Context is often everything, and if you didn’t know any better, you’d probably be running for the hills. So why, exactly, do guitarists call their guitars axes?
That’s precisely what we’re diving into, although we are getting into murky waters. It’s best if you’re equipped with the proper gear, including a sense of humor.
Table of Contents
Starting With The Obvious
Let’s face it, you could probably ask a 5-year-old child why a guitar is called an axe. Children are not afraid of providing the blunt and honest truth, especially when something is so obvious.
If you did ask a child, they would tell you that it’s because a guitar and an axe look similar. And, unless you didn’t have a creative mind, you probably would agree with their statement.
It’s definitely true, when you look at a guitar from the proper angle, it does share similarities. The most obvious of this is with regard to the actual shape and construction of each item.
For instance, an axe is simply a fairly skinny handle with an axehead at the end. At its most basic, the guitar shares the same design, with a skinny neck connected to the guitar’s body.
If you were to hold your guitar like you would an axe, you would immediately see the resemblance.
With that being said, there’s always more to the story than the obvious. And while nothing is exactly clear about this nickname (apart from the obvious), there are some interesting clues.
Tracing The Etymology Of Axe
Have you ever sat down and seriously taken the time to consider language on a serious level? It’s actually quite a mind-blowing excursion of thought that can produce some interesting insights to ponder.
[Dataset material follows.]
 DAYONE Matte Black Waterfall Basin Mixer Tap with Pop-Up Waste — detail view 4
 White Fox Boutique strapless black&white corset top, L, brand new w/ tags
Take, for instance, the age of languages in consideration of how many years they have been spoken. English, alone, has its origin roots dating back to around 450, evolving gradually as the years progressed.
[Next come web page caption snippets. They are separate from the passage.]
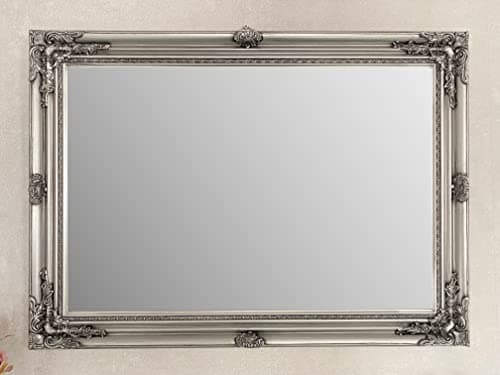 Image of DOWNTON INTERIORS UK Extra Large Antique Style Wall Mirror - Overall Size: 42 inches x 30 inches (107cm x 76cm) (Antique Silver)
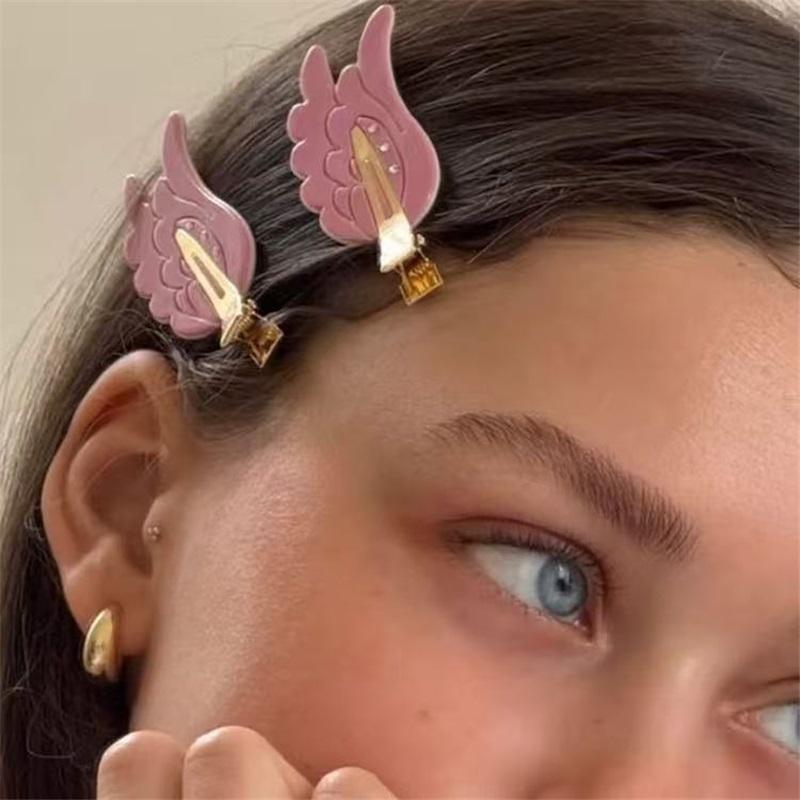 Clips de Păr Roz cu Aripi Duble Stil Emi Jay Strass Acetate Invizibil pentru Breton Clip Lateral 2026 Noi Accesorii de Păr Zilnice pentru Femei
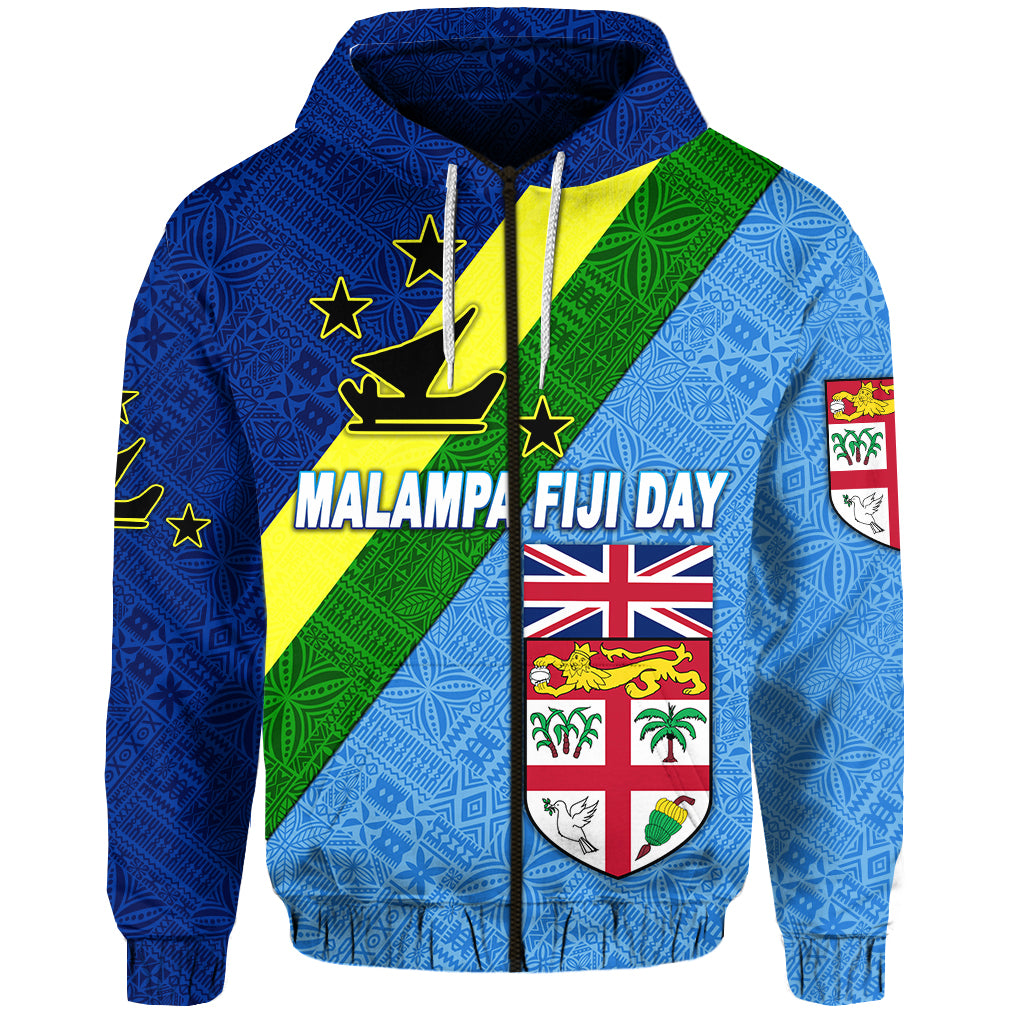 Vanuatu Malampa and Fiji Day Zip Hoodie Simple Style LT8 - Polynesian Pride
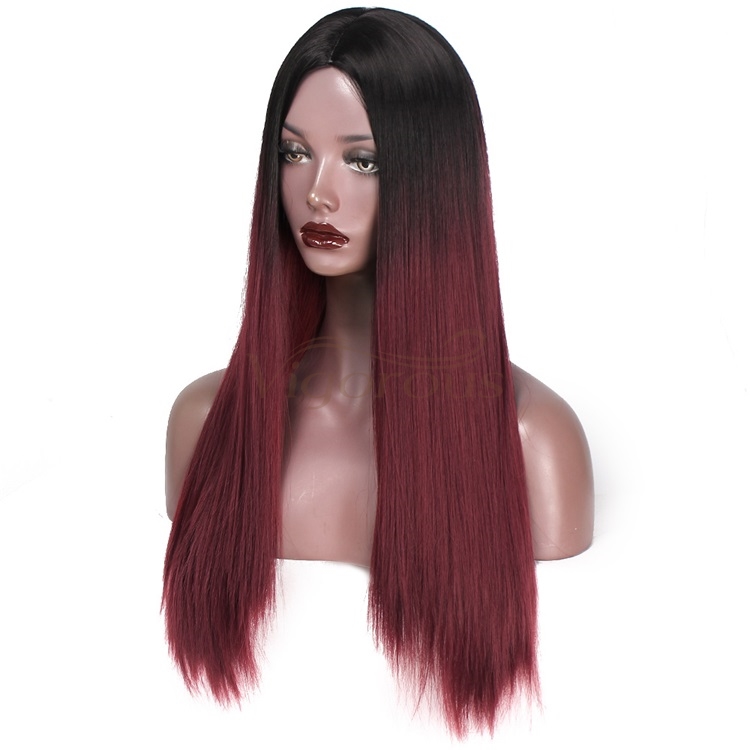 Vigorous Long Straight Red Ombre Hair Wigs Middle Part Silky Straight Synthetic Heat Resistant Wigs for Black Women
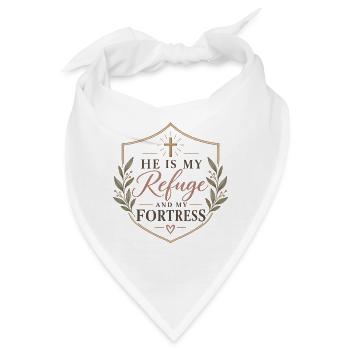 Er ist meine Zuflucht und Festung - Bandana - Weiß - Vorne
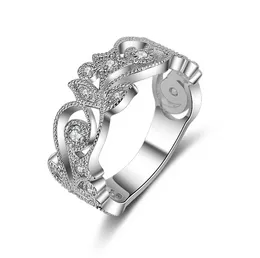 Drop Shipping Luxury Jewelry 925 Sterling Silver 5A Cubic Zirconia CZ Diamond Unique Eternity Women Wedding Flower Band Ring for Lovers'Gift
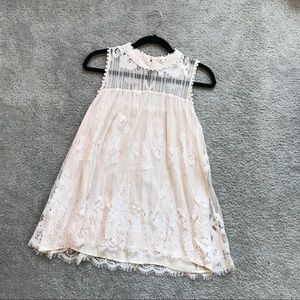 Mock Neck Cream Lace Top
Can you imagine how many descriptive names for things have come and gone since then? You might be wondering where this is going, however, take this thought into consideration with the word, axe.
The axe itself has been in existence for thousands of years, with its modernized form emerging around 6000 BC. That is a staggering amount of time compared with the guitar, which has origins in the 1500s.
It’s a fair point to consider that the idea of using the axe as a nickname for a guitar isn’t new. One could almost readily assume that this notion has existed for a few centuries.
Sure, it might seem outlandish, but humanity has changed very little in that time. One could argue that it was technology that changed.
One thing that humans seem to have in common is giving affectionate names to things. Pets and items that are dearly beloved by the individual are usually given a name.
It’s the same reason why someone might name their bowling ball, boat, car, and yes, even a guitar. History’s filled with guitarists who have named their guitars, with B.B. King’s Lucille being the most famous instance.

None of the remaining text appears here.